> [What to do]:
An unchanged copy of each entry below is needed; keep the pictures out of it.

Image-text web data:
__________

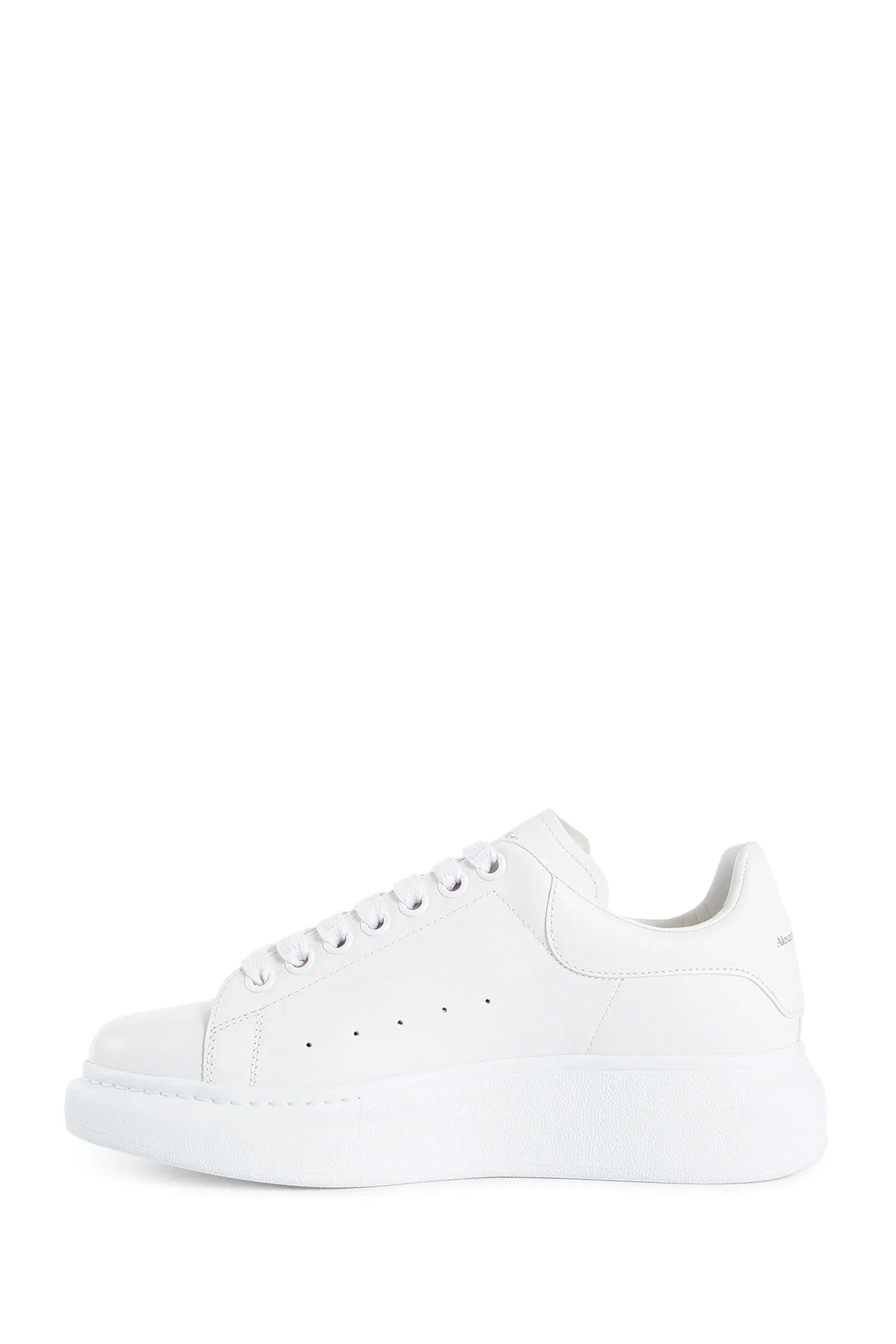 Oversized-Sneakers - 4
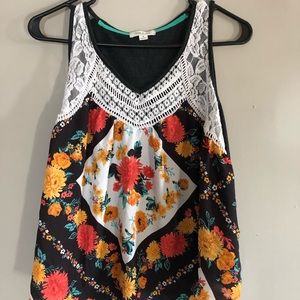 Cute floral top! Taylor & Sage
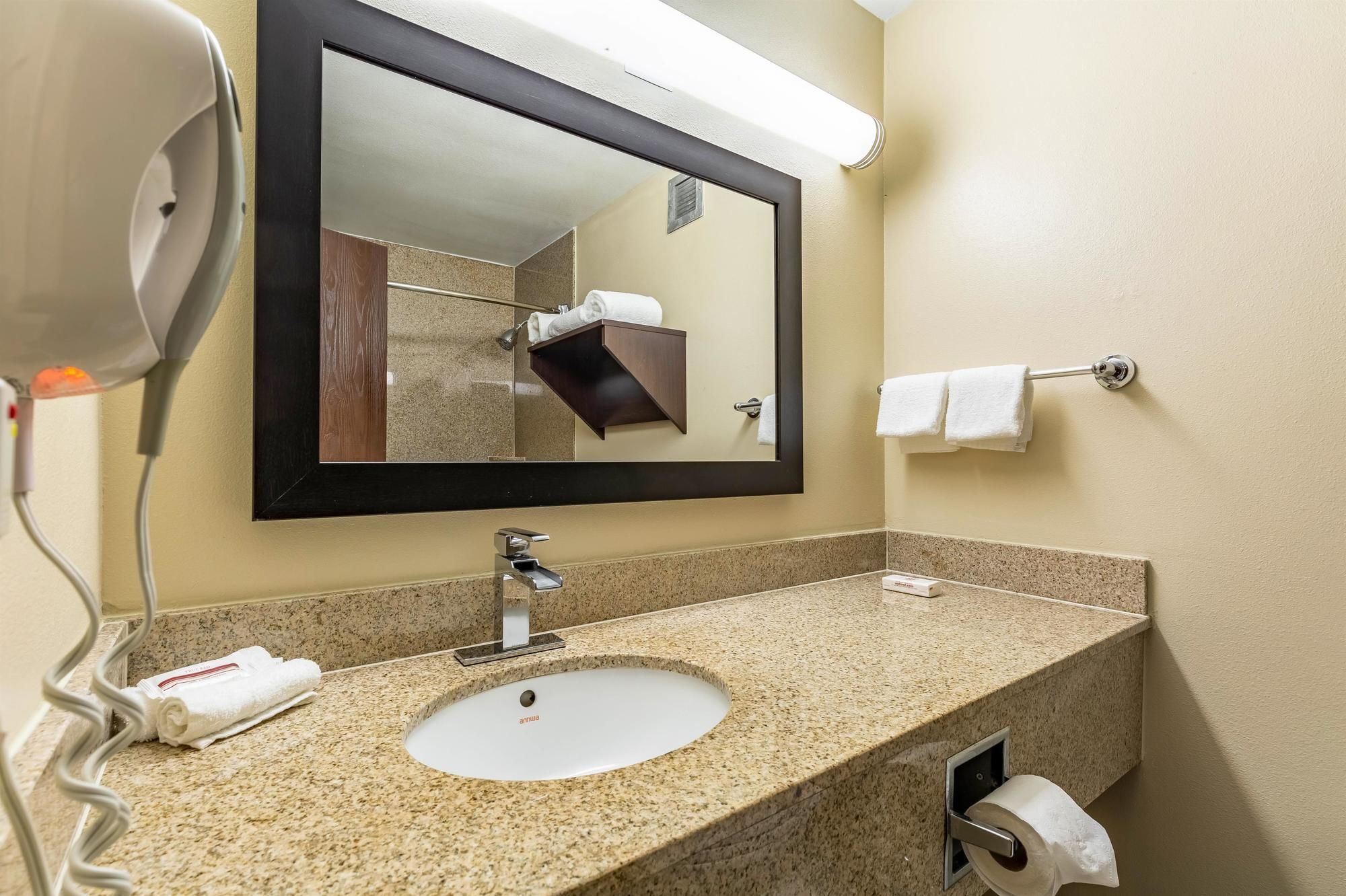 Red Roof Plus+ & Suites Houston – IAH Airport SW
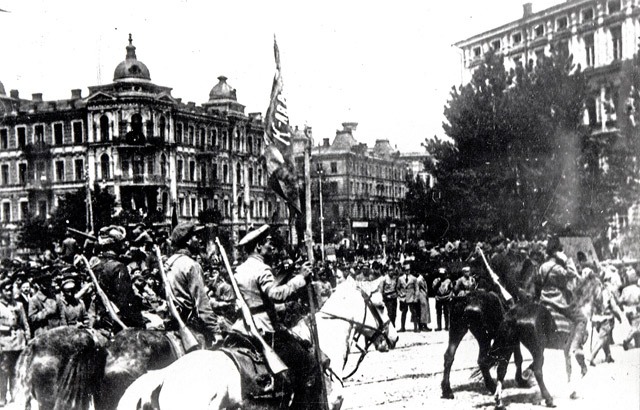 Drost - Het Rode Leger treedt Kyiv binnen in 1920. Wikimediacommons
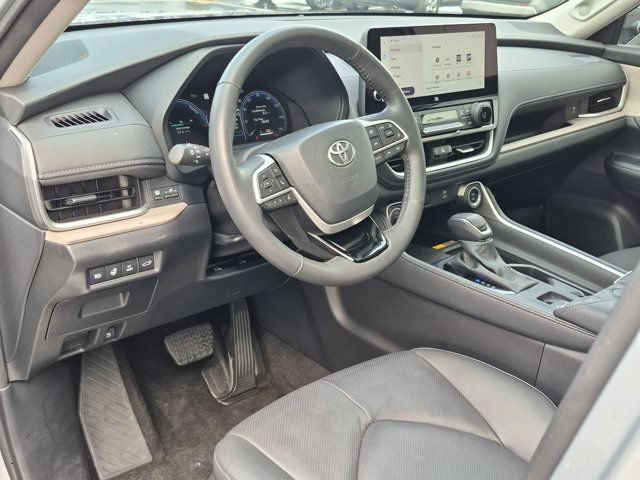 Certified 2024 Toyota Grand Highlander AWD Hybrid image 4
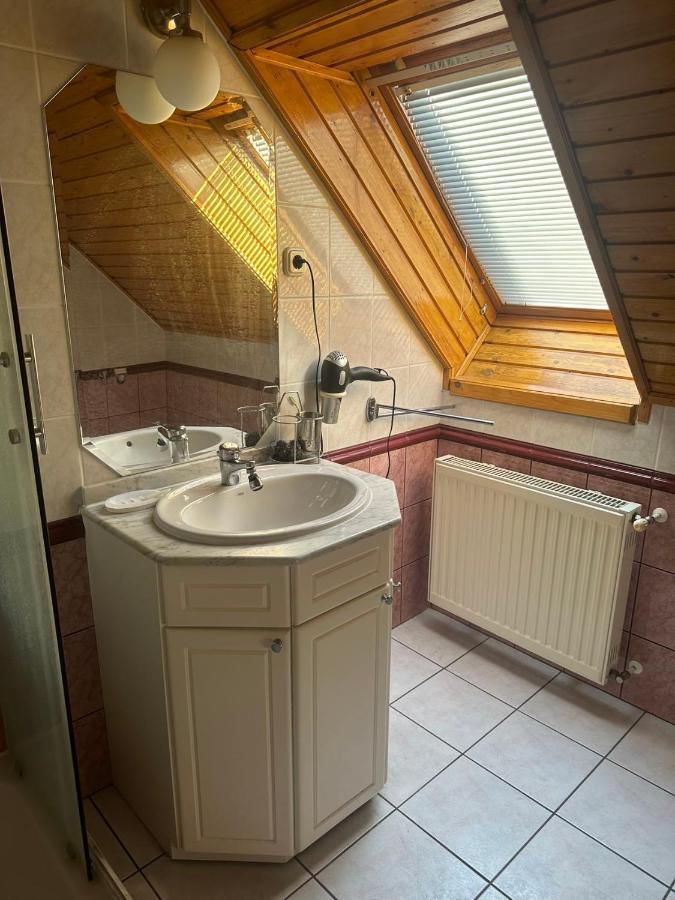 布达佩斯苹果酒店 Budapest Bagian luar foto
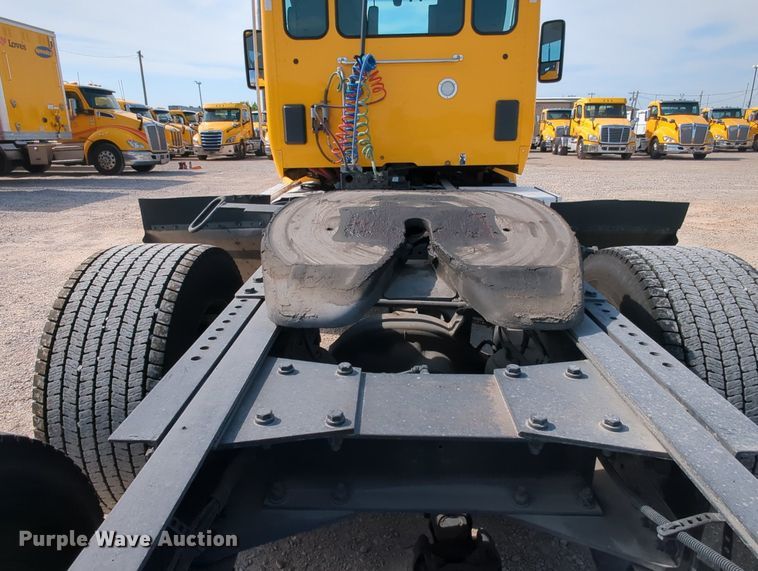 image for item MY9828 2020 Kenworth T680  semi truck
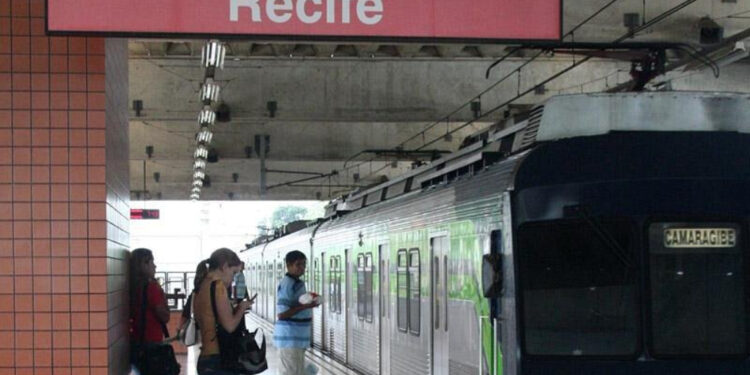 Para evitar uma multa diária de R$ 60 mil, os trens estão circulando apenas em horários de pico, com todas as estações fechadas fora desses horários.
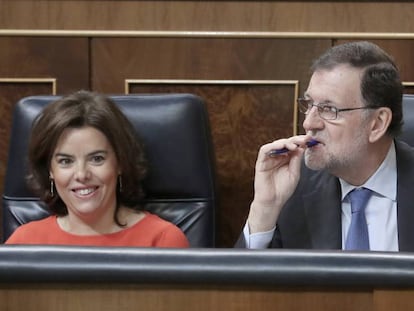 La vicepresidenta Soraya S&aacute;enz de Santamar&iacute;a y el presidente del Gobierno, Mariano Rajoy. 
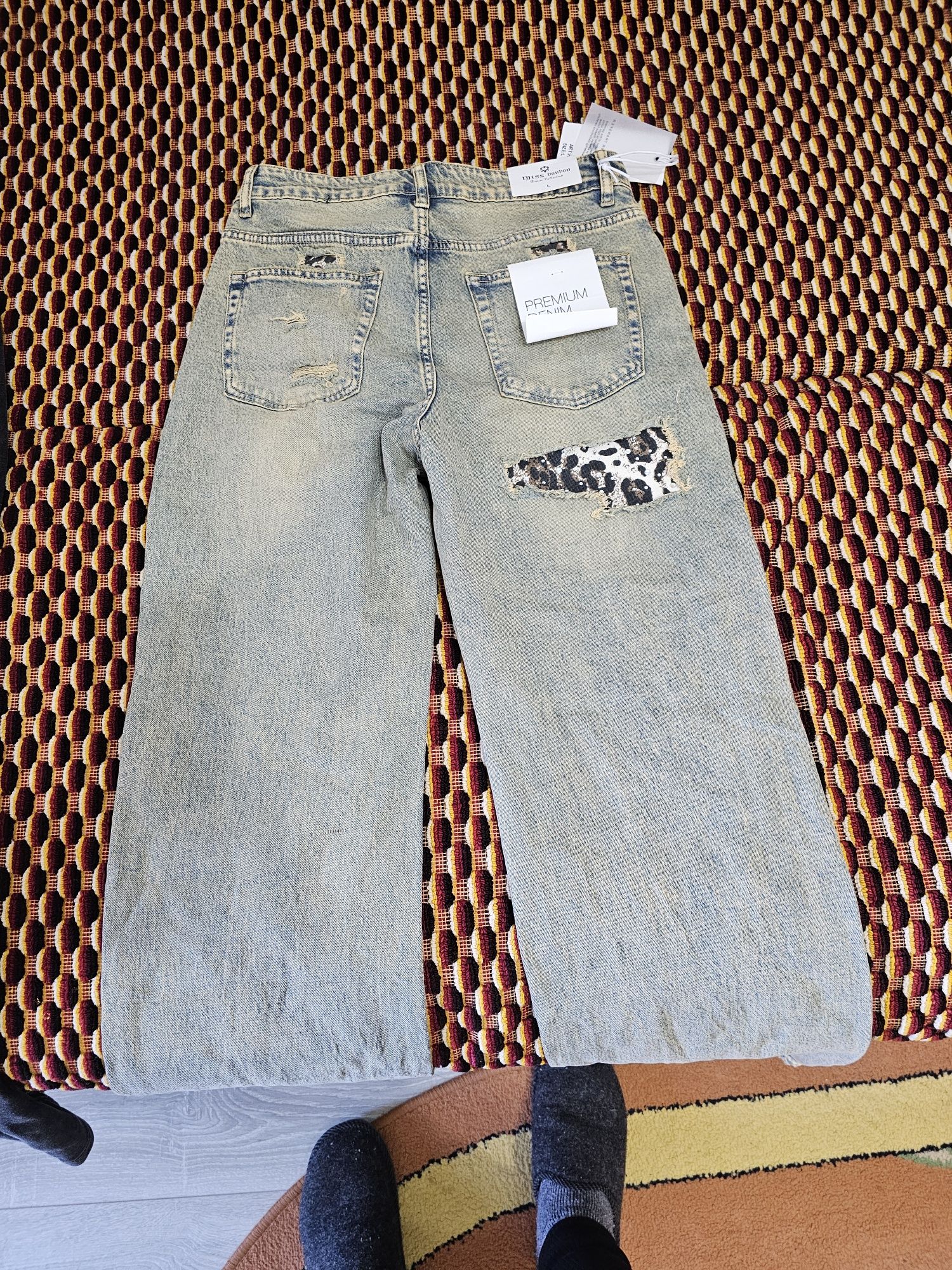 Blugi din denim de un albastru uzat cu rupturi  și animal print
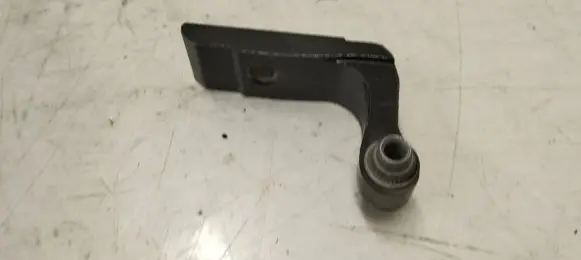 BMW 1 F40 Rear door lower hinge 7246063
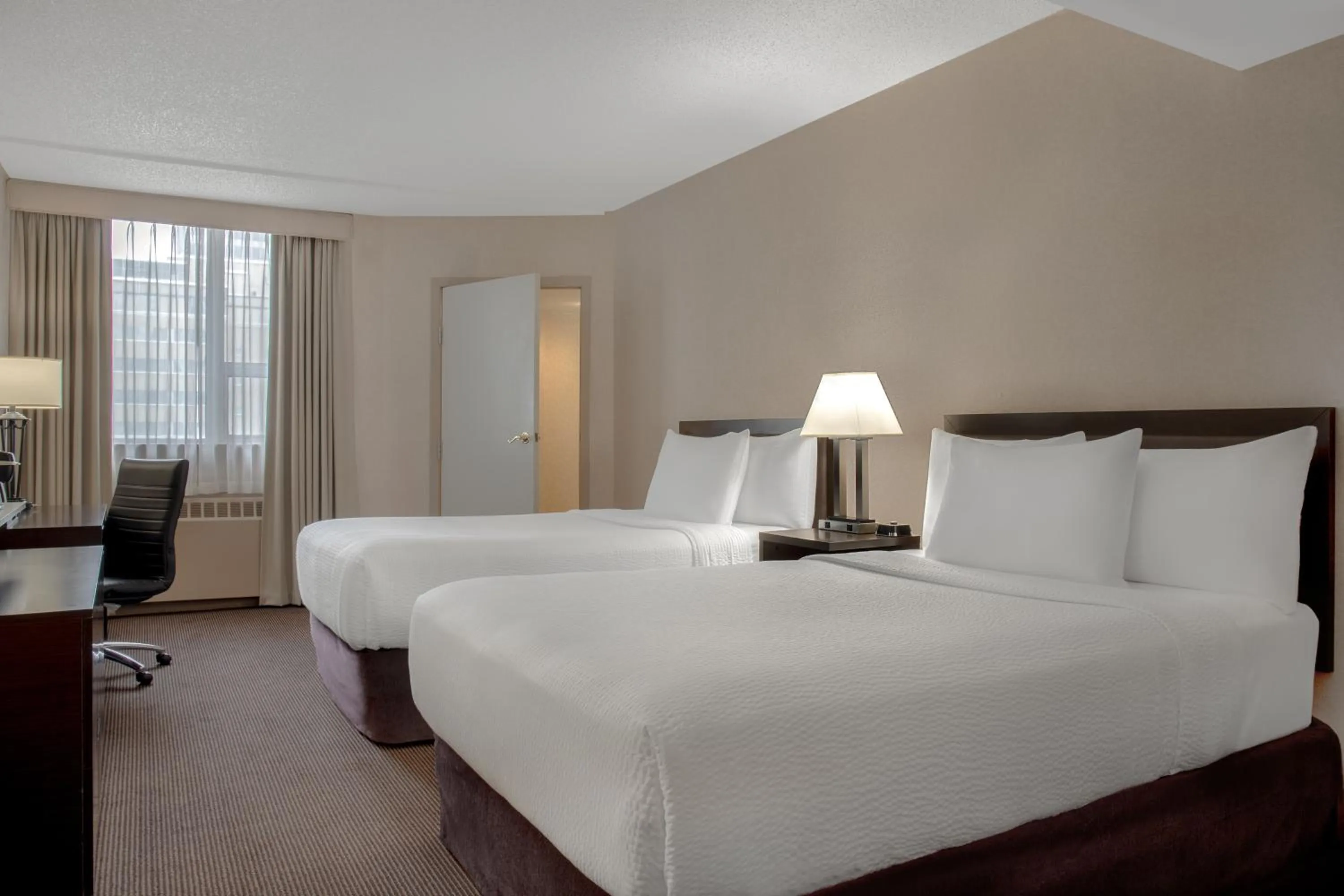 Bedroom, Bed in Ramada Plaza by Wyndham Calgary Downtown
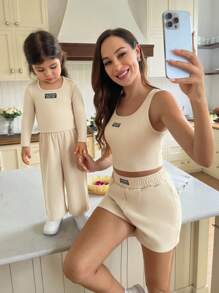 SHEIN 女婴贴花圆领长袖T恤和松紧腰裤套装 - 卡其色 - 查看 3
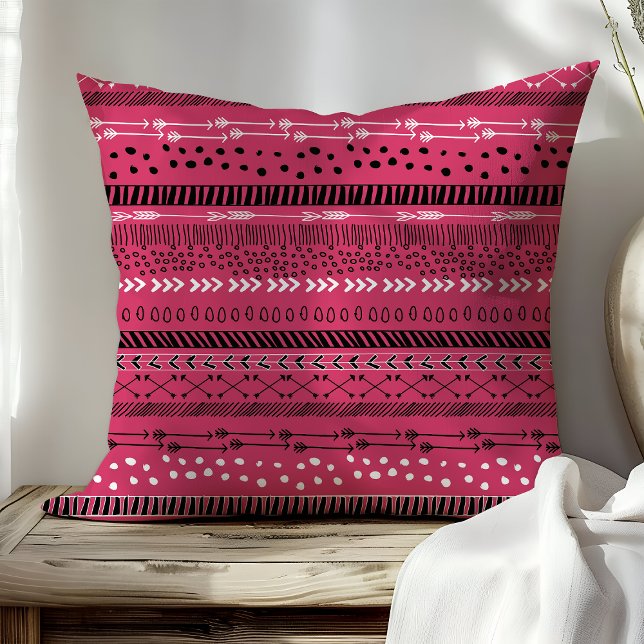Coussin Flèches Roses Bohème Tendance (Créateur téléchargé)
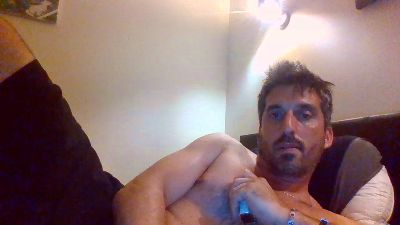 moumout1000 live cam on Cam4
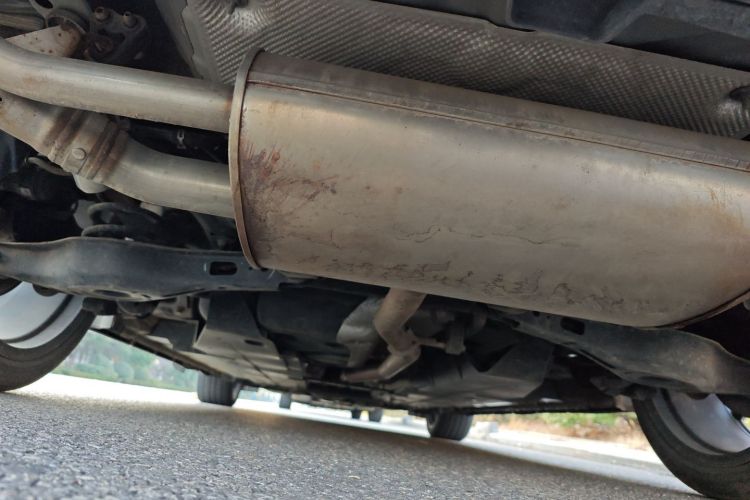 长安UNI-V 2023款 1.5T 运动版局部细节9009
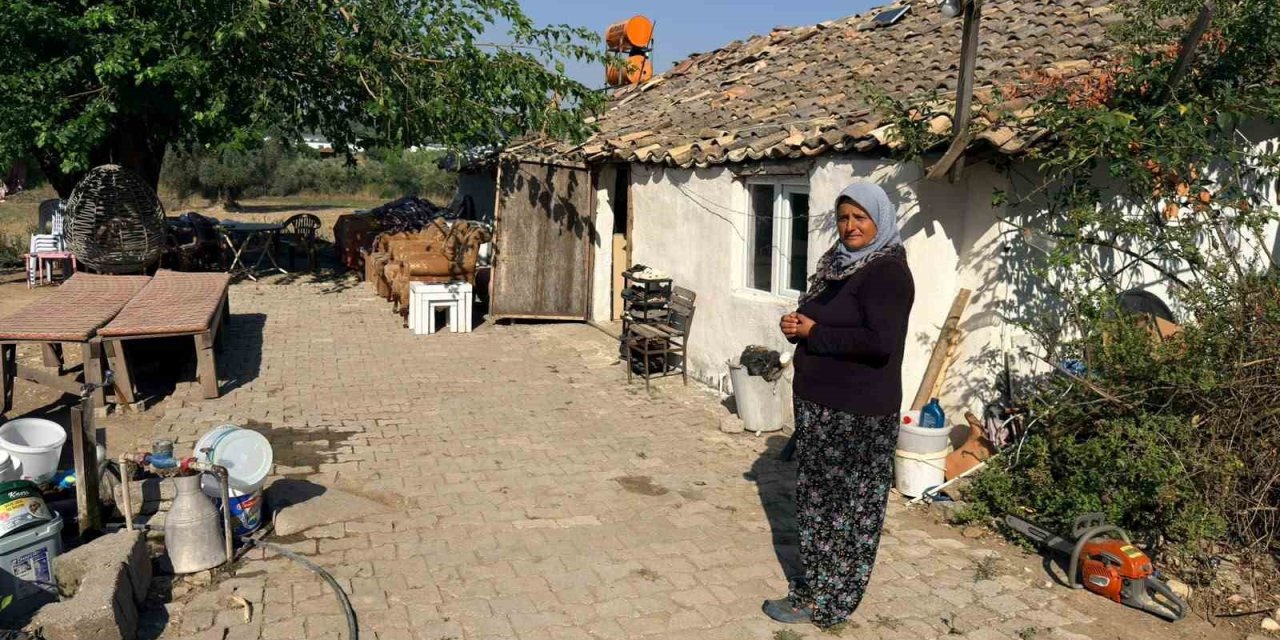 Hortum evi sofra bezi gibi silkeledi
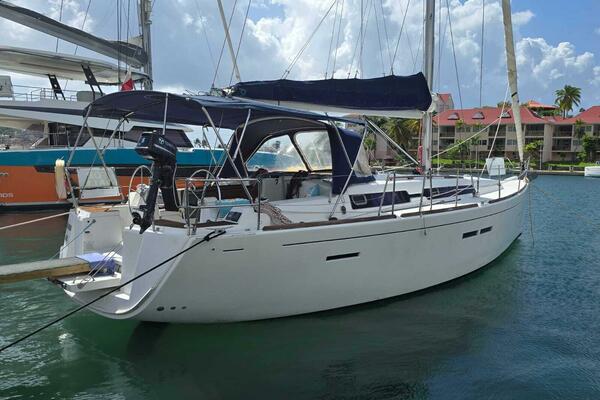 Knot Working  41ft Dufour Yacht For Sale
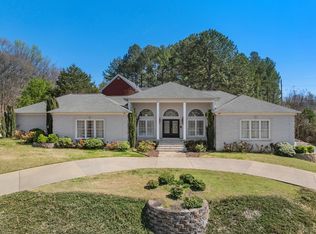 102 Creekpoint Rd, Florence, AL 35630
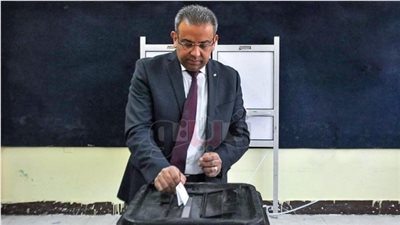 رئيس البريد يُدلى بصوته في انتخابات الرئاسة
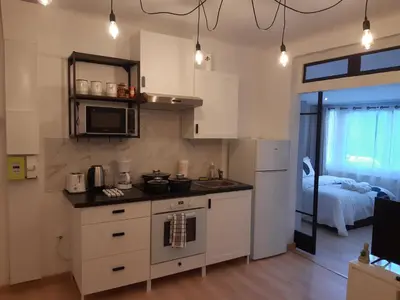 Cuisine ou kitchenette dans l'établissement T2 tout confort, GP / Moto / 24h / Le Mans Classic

__________

> [Response to the exercise]:
 Oversized-Sneakers - 4
 Cute floral top! Taylor & Sage
 Red Roof Plus+ & Suites Houston – IAH Airport SW
 Drost - Het Rode Leger treedt Kyiv binnen in 1920. Wikimediacommons
 Certified 2024 Toyota Grand Highlander AWD Hybrid image 4
 布达佩斯苹果酒店 Budapest Bagian luar foto
 image for item MY9828 2020 Kenworth T680  semi truck
 Para evitar uma multa diária de R$ 60 mil, os trens estão circulando apenas em horários de pico, com todas as estações fechadas fora desses horários.
 La vicepresidenta Soraya S&aacute;enz de Santamar&iacute;a y el presidente del Gobierno, Mariano Rajoy. 
 Blugi din denim de un albastru uzat cu rupturi  și animal print
 BMW 1 F40 Rear door lower hinge 7246063
 Bedroom, Bed in Ramada Plaza by Wyndham Calgary Downtown
 SHEIN 女婴贴花圆领长袖T恤和松紧腰裤套装 - 卡其色 - 查看 3
Coussin Flèches Roses Bohème Tendance (Créateur téléchargé)
 moumout1000 live cam on Cam4
 长安UNI-V 2023款 1.5T 运动版局部细节9009
 Hortum evi sofra bezi gibi silkeledi
 Knot Working  41ft Dufour Yacht For Sale
 102 Creekpoint Rd, Florence, AL 35630
 رئيس البريد يُدلى بصوته في انتخابات الرئاسة
 Cuisine ou kitchenette dans l'établissement T2 tout confort, GP / Moto / 24h / Le Mans Classic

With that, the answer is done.